The US economy is about where it's been for the last few years -- growing between 0% and 2%. While PCEs have been fair, we have seen a decrease in investment over the last few quarters with the primary downside pressure coming from state and local government austerity. On the good side, employment is still plodding forward and the housing market appears to to recovering. NDD sees the same thing.
Economic activity in Europe remained weak. The PMIs and
household and business sentiment remained at low levels across the
region, including in France and Germany, which until recently had been
more resilient.
The overall economic situation in the EU is one of a recession which is now continent wide and growing. These is literally no hope for a quick and thoroughly conceived resolution to their issues. At this point, they are slowing moving into the "basket case" category.
The Japanese economy had weakened in the September quarter, with
falls in consumption and exports. Growth in the rest of east Asia was
also relatively subdued in the quarter, partly reflecting weakness in
consumption, especially for the higher-income economies. Exports and
industrial production were soft, though more recent data generally
showed a slight improvement. In response to weaker growth, monetary and
fiscal policies had been eased a little over recent months in some
countries in the region.
Japan's problems continue. They printed another quarter of negative GDP growth recently and have moved to parliamentary elections. The government and the BOJ are feuding over who should do more to help the economy. In short, it's an overall mess. The rest of the region is acting in lock-step with the Chinese slowdown. Growth is slowing, but not to recessionary levels. Various central banks have lowered rates somewhat, but still have sufficient downside room in the event they need to add further stimulus.
The OECD has release their lowered economic projections for 2013 and beyond, which can be read here. Here are some salient points from the press release:
The global economy is expected to make a hesitant and uneven recovery
over the coming two years. Decisive policy action is needed to ensure
that stalemate over fiscal policy in the United States and continuing
euroarea instability do not plunge the world back into recession,
according to the OECD’s latest Economic Outlook.
“The
world economy is far from being out of the woods,” OECD
Secretary-General Angel Gurría said during the Economic Outlook launch
in Paris. “The US ‘fiscal cliff’, if it materialises, could tip an
already weak economy into recession, while failure to solve the euro
area crisis could lead to a major financial shock and global downturn.

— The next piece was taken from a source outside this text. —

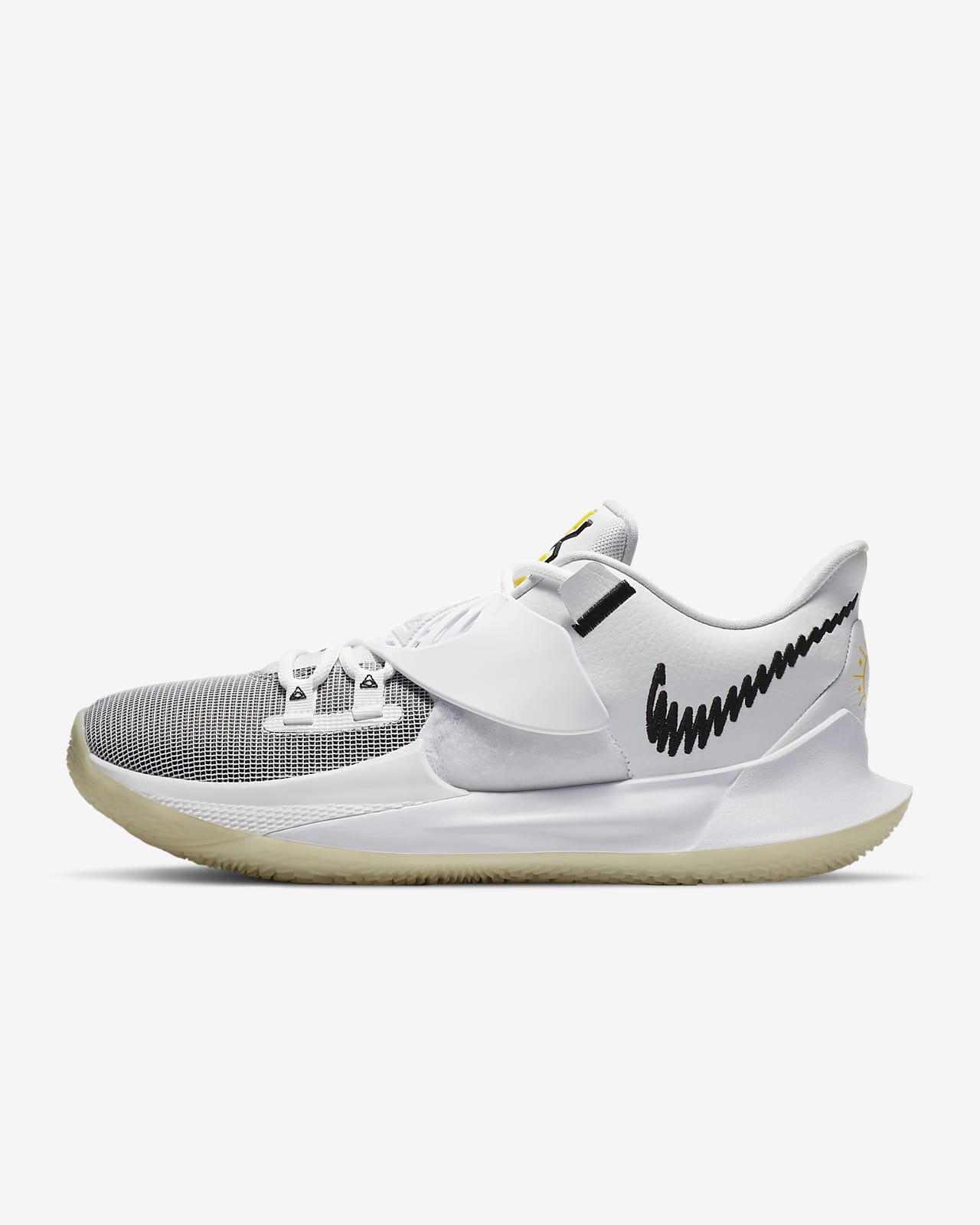 kyrie low 3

Governments must act decisively, using all the tools at their disposal
to turn confidence around and boost growth and jobs, in the United
States, in Europe, and elsewhere,” Mr Gurría said.
GDP growth across the OECD is projected to match this year’s 1.4% in
2013, before gathering momentum to 2.3% for 2014, according to the
Outlook.
In the United States, provided the “fiscal cliff” is
avoided, GDP growth is projected at 2% in 2013 before rising to 2.8% in
2014. In Japan, GDP is expected to expand by 0.7% in 2013 and 0.8% in
2014. The euro area will remain in recession until early 2013, leading
to a mild contraction in GDP of 0.1% next year, before growth picks up
to 1.3% in 2014.
After softer-than-expected activity during 2012, growth has begun
picking up in the emerging-market economies, with increasingly
supportive monetary and fiscal policies offsetting the drag exerted by
weak external demand. China is expected to grow at 8.5% in 2013 and 8.9%
in 2014, while GDP is also expected to gather steam in the coming years
in Brazil, India, Indonesia, Russia and South Africa.